Curely didn’t explain what he meant by Google’s “self-referring network,” but he made repeated reference to it and said the AP was planning “our own self-referring network.” That could have something to do with the AP’s plans for topic pages to rival Wikipedia in search results. After his speech, Curley added, “The programs that we’re undertaking, we expect Google to have a directly competitive response.”
As for Microsoft, Curley repeatedly insinuated a looming partnership that would extend beyond the existing license to distribute AP content. He teased a new Microsoft product (other hints here) that might be part of the deal:
The search war is going to be fought on a qualitative dimension. So Google famously has the ten blue lines, and then everybody else is going toward more visual and what they believe is more accurate. So EveryZing is all visual, all right, and Microsoft this month has some new technology that it’s unveiling that will be much more visually dramatic than anything you’ve seen before. Multimedia in ways you haven’t thought about yet. We’ve seen it, we’ve seen the technology.
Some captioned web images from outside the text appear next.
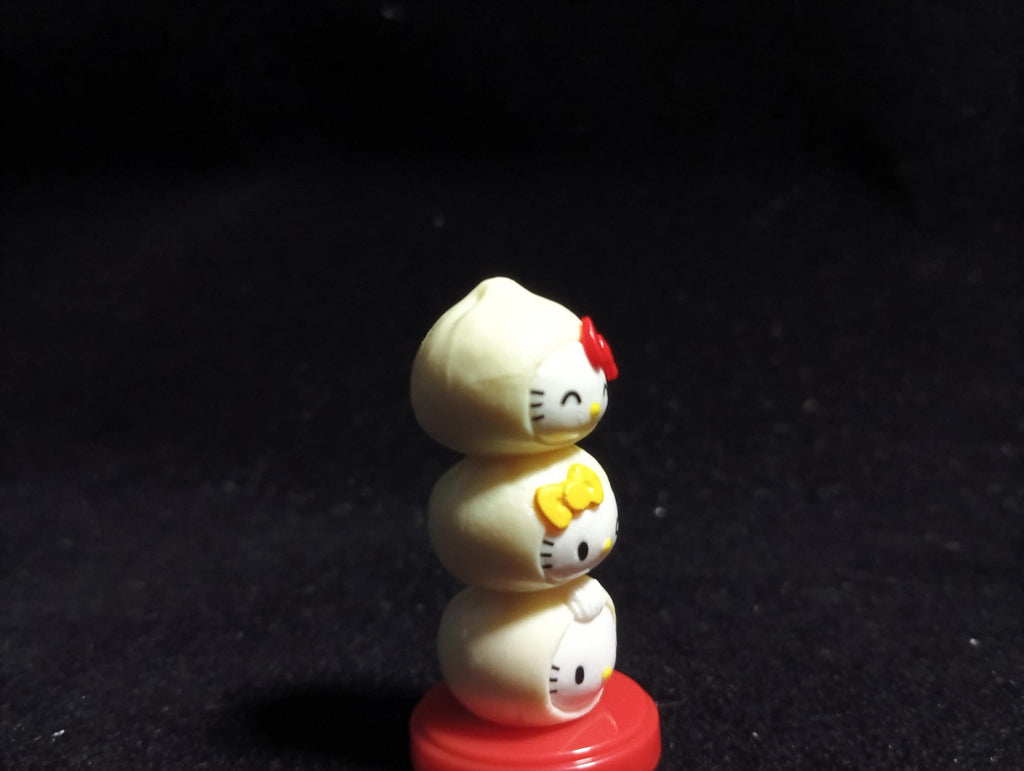 Japan Hello Kitty Furuta Choco Egg Beckoning  Chinese bun Collabo Kitty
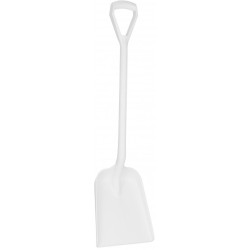 PELLE A GLACE EN PLASTIQUE BLANC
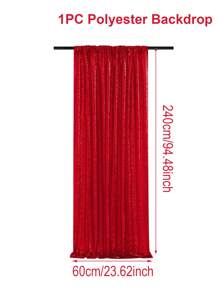 1 pièce Rideau de fond en sequins or/argent, plusieurs couleurs, décoration de fond de fête, rideaux de fond de mariage, décoration de mariage, décoration de baby shower, décoration de révélation de genre, décoration de fête d'anniversaire, pour studio de photographie, décoration de fond photo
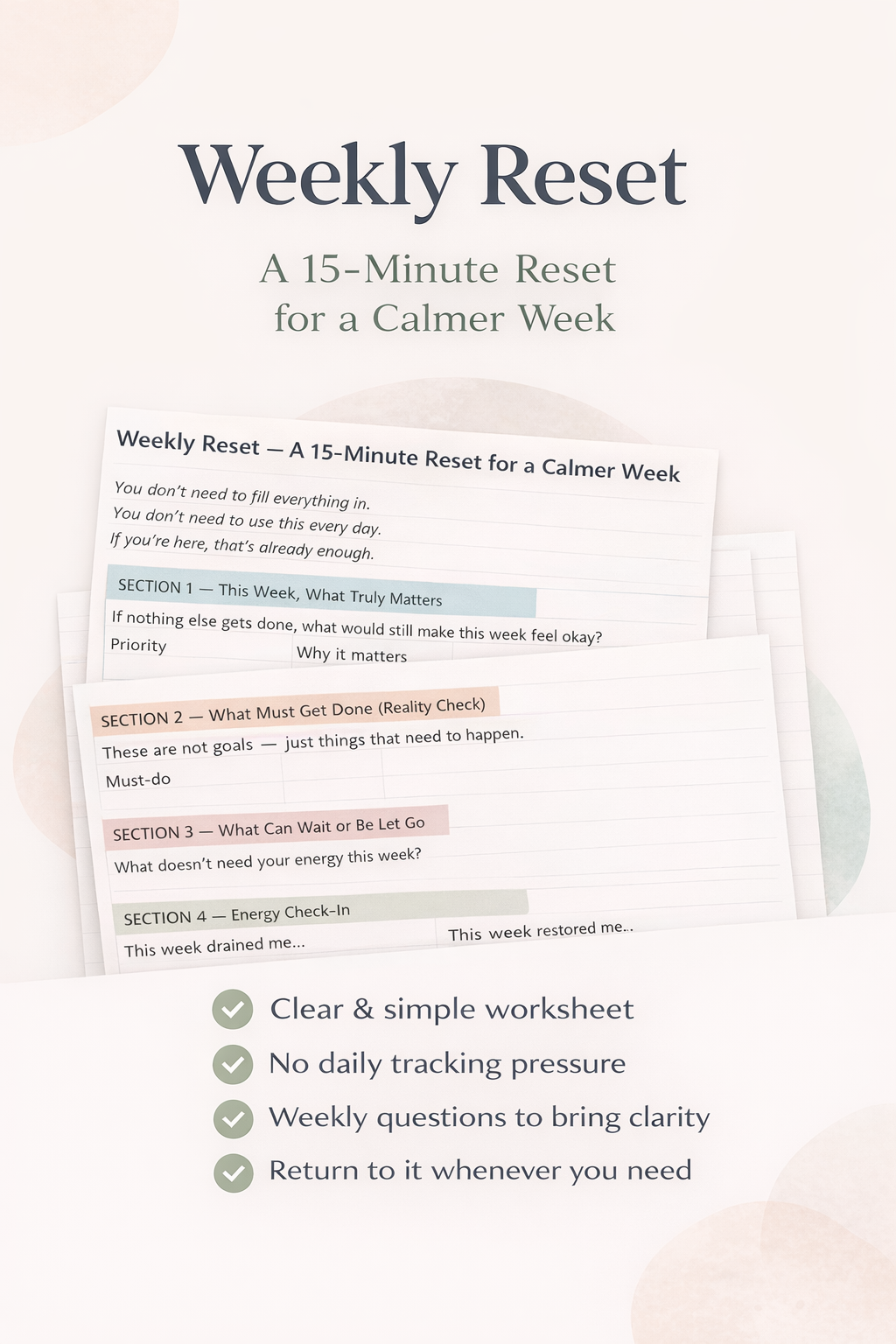 15-Minute Digital Reset – A Calm Mindfulness Routine for Focus & Clarity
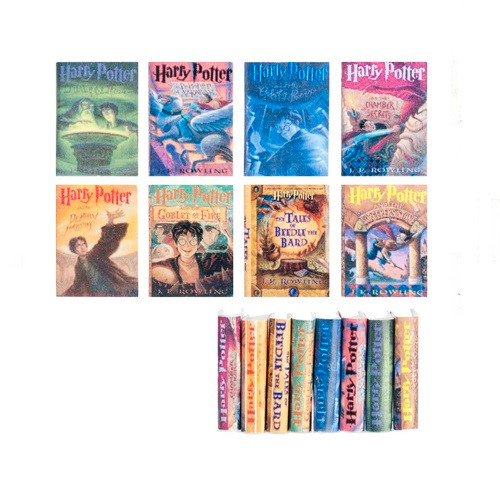harry potter dollhouse miniatures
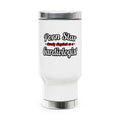 Porn Star...Cardiologist (2) - Stainless Steel Travel Mug with Handle, 14oz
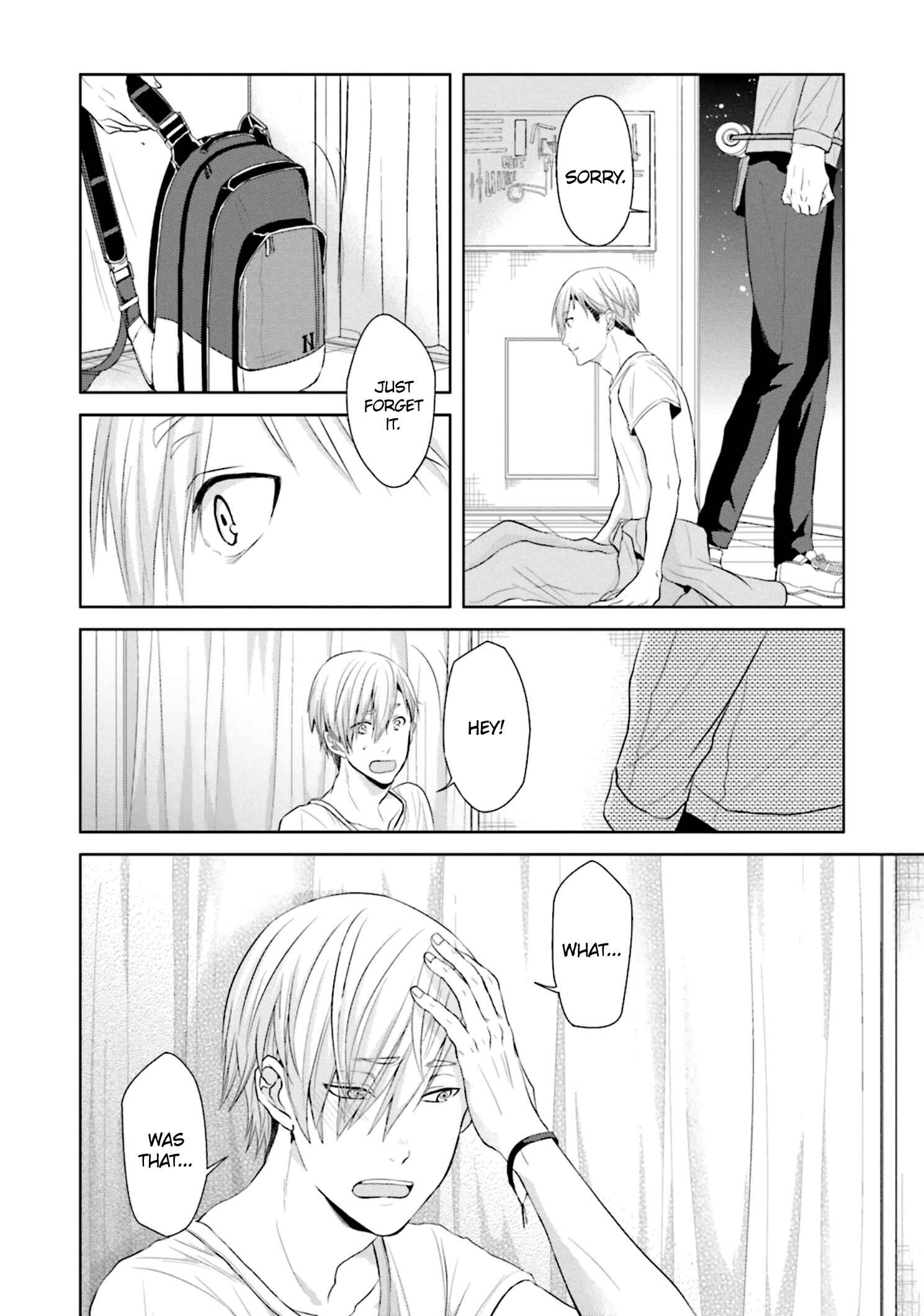 Page 26 Chapter 2 Seishun Radio Pinchers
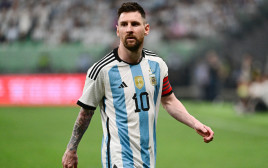 ליאונל מסי, נבחרת ארגנטינה (צילום: GettyImages, PEDRO PARDO/AFP)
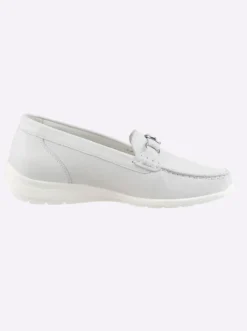 Slipper aus Nubukleder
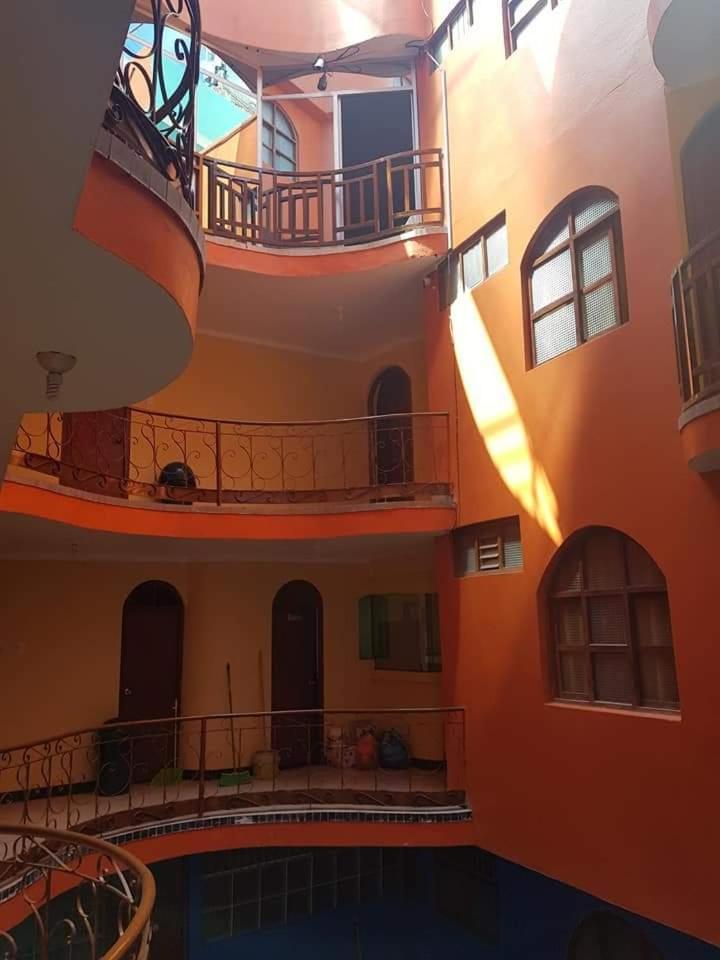 Hospedaje Karol Hotel Ayacucho Kültér fotó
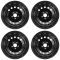 07-12 Nissan Altima (16 x 7 inch) Steel Wheel Set of 4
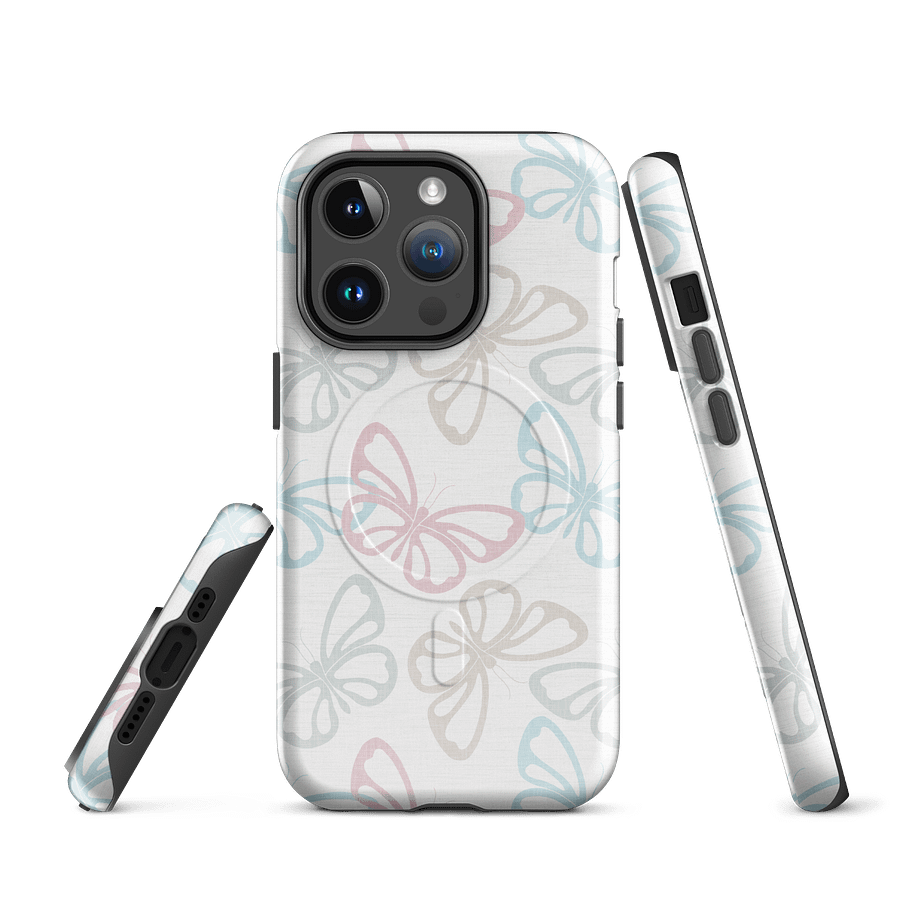 Scattered Butterflies MagSafe Tough Case for iPhone product image (1)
If Microsoft and the AP come to terms, it could have huge implications for consumers and publishers, affecting some of the biggest news sites on the web: MSN and, given their search partnership, Yahoo News. (Curley had nice things to say about the AP’s experimental partnership with Yahoo for its coverage of Justice Sotomayor’s confirmation hearings.) This is the search engine — or, really, search partnership — that AP executives have been hinting at, the one that would privilege “the original source or the most authoritative source” of news. At AP, it’s called the News Registry.
Google, for what it’s worth, says that it already favors original sources, but it’s hard to imagine they’d agree to make any adjustments to search results specifically for the AP and its members. That could lead to some brinksmanship in which the AP hitches its wagon to Microsoft and hopes the company is successful in its renewed competition with Google. Or the AP and Google could finally start talking.
I’m still putting together the transcript of Curley’s remarks and will share that with some of the audio when it’s ready. (I made a call to the AP’s press office shortly before posting this and will update if there’s anything to add. UPDATE, 1:58 p.m.: Paul Colford, director of media relations for the AP, said he would let Curley’s presentation “speak for itself” but gave me this statement for context: “As discussed this week by AP President and CEO Tom Curley in Hong Kong, the AP news registry, announced in April and now in development, will greatly improve and quicken the discovery of authoritative news produced by the AP and its member news organizations and empower them to better serve their readers and customers.”)
These are just clues, and Curley was intentionally vague at points, but they’re bigger and clearer clues than we’ve previously heard from the AP.